This is a direct counter to a widespread modern assumption — that authentic action flows from authentic desire, and therefore we should wait until we genuinely feel like praying, fasting, giving alms, or attending worship. The Orthodox liturgical tradition, embodied in the structure of Matins itself, takes the opposite view: disciplined practice of the commandments creates the desire for holiness that we lack at the outset. The liturgy trains the soul by training the body.
Practical Implications
The connection between the Myrrhbearers and the contemporary faithful in Sunday Matins is a spiritual practice, not merely a historical commemoration. When we come to Matins having experienced our own sorrows, losses, sins, and spiritual dryness, we are genuinely in the position of those women going to the tomb. The service does not merely remind us that Christ rose — it places us experientially at the empty tomb, where our grief is met by unexpected joy.
Sub-Point A
The theological point about commandments as descriptions of healthy human life rather than arbitrary tests has important apologetic significance. When Orthodox faithful explain why they follow the commandments of the Church, they do not appeal primarily to obligation but to the claim that these commandments reveal what human beings are made for.
Sub-Point B
The use of the Evlogitaria in both Sunday Matins and the funeral service demonstrates the Orthodox conviction that the Resurrection is not merely the answer to death but the answer to all human sorrow. Whether we mourn our sins in Sunday worship or our dead in the funeral service, the same proclamation is offered: the Savior hath risen.
Analogy
The principle that "action precedes desire" functions like athletic training. An athlete does not feel like running at five in the morning — and yet the discipline of running at five in the morning is precisely what eventually produces the desire to run. Likewise, the disciplined practice of the commandments and the liturgy does not wait for the soul to be ready; it creates readiness through practice.

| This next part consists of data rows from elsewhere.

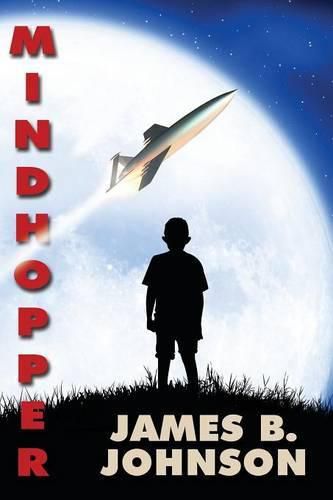 Cover image for Mindhopper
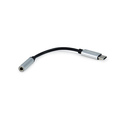 Equip Adaptateur audio USB-C vers 3,5 mm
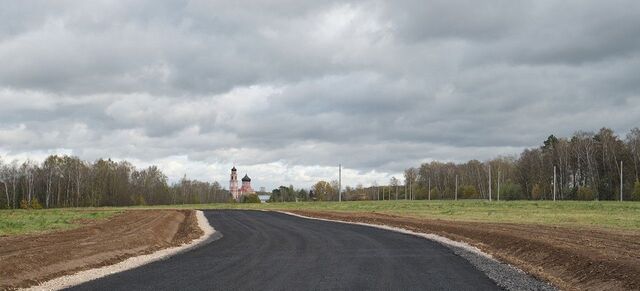 Черешневый лес кп фото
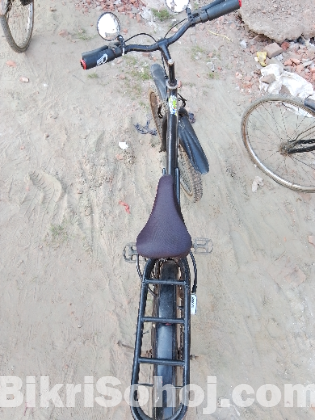 বাইসাইকেল বিক্রি হবে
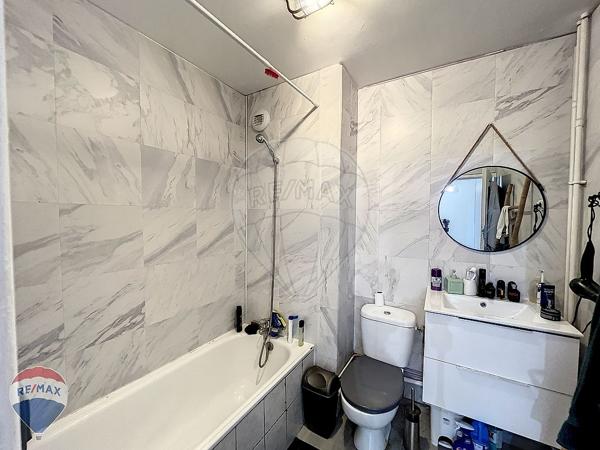 Appartement  en vente - Territoire de Belfort 90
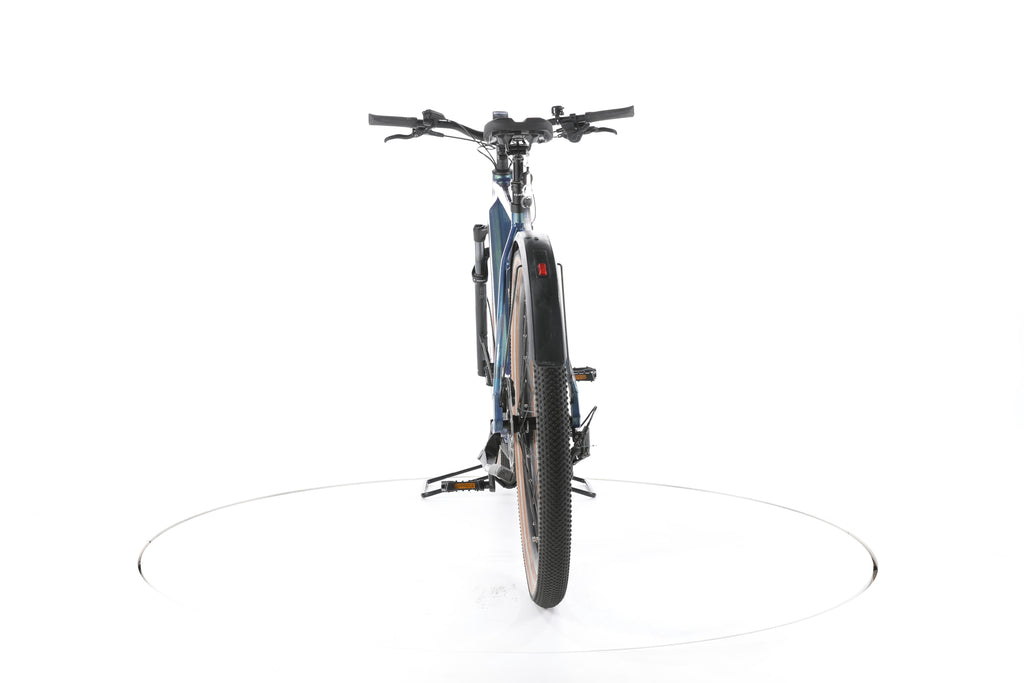 Cube Nuride Hybrid SLX Allroad E-Bike 2023 - Image 10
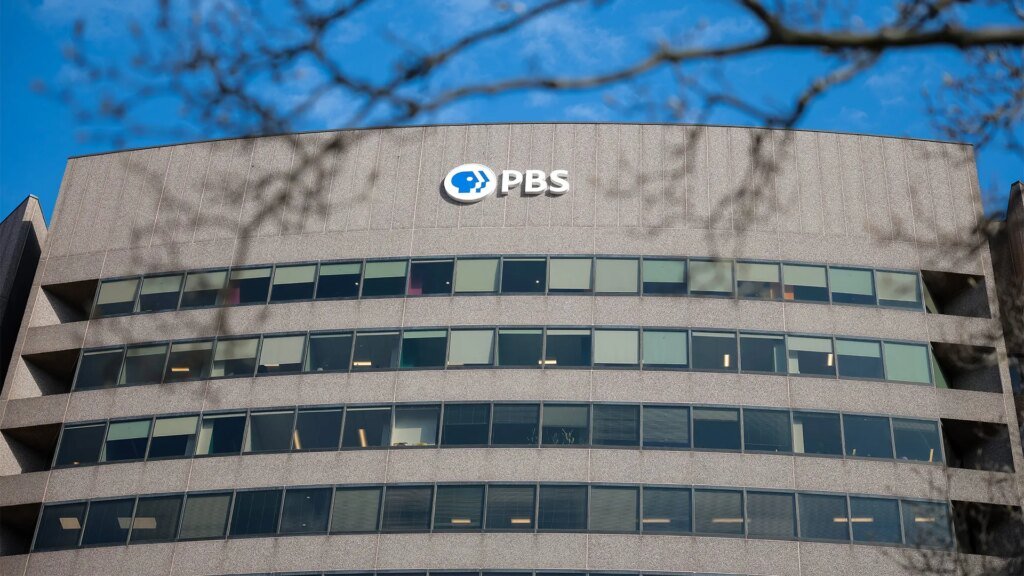 Arkansas cuts PBS affiliation as public media funding shrinks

MAIN POINT IV: THE MATINS GOSPEL AND PSALM 50 — ENCOUNTERING THE RISEN CHRIST AND REPENTING
Core Argument
The Matins Gospel on Sundays is one of eleven Resurrectional readings (Eothinon — "morning readings") that cycle throughout the year, resetting at Pascha. Each presents a different narrative dimension of the Resurrection — the varying witnesses, the different moments, the diverse responses. The priest reads this Gospel standing at the side of the altar, mimicking the angel who stood beside the empty tomb announcing the Resurrection to the women.
Historical Context
As the chapter notes: "The Resurrectional Evlogitaria set the scene for the Matins Gospel on Sundays. We find ourselves, together with the Myrrhbearers, arriving at the Tomb of Christ, and we find it empty. Like the angel who stood beside the tomb announcing the resurrection to the women, the priest stands at the side of the altar proclaiming the resurrection through one of eleven Gospels."
This is a moment of extraordinary liturgical realism. The entire service has been leading to this: a proclamation of the Resurrection from the Scriptures, framed by the narrative context of the empty tomb established through the preceding hymns.
Biblical Foundation
Following the Gospel reading, the choir sings "We have seen the Resurrection of Christ; let us worship the holy Lord Jesus, who alone is without sin." This is followed immediately by Psalm 50(51) — the great psalm of David's repentance:
"Have mercy upon me, O God, according to Thy loving kindness: according unto the multitude of Thy tender mercies blot out my transgressions. Wash me thoroughly from mine iniquity, and cleanse me from my sin. Against Thee, Thee only have I sinned."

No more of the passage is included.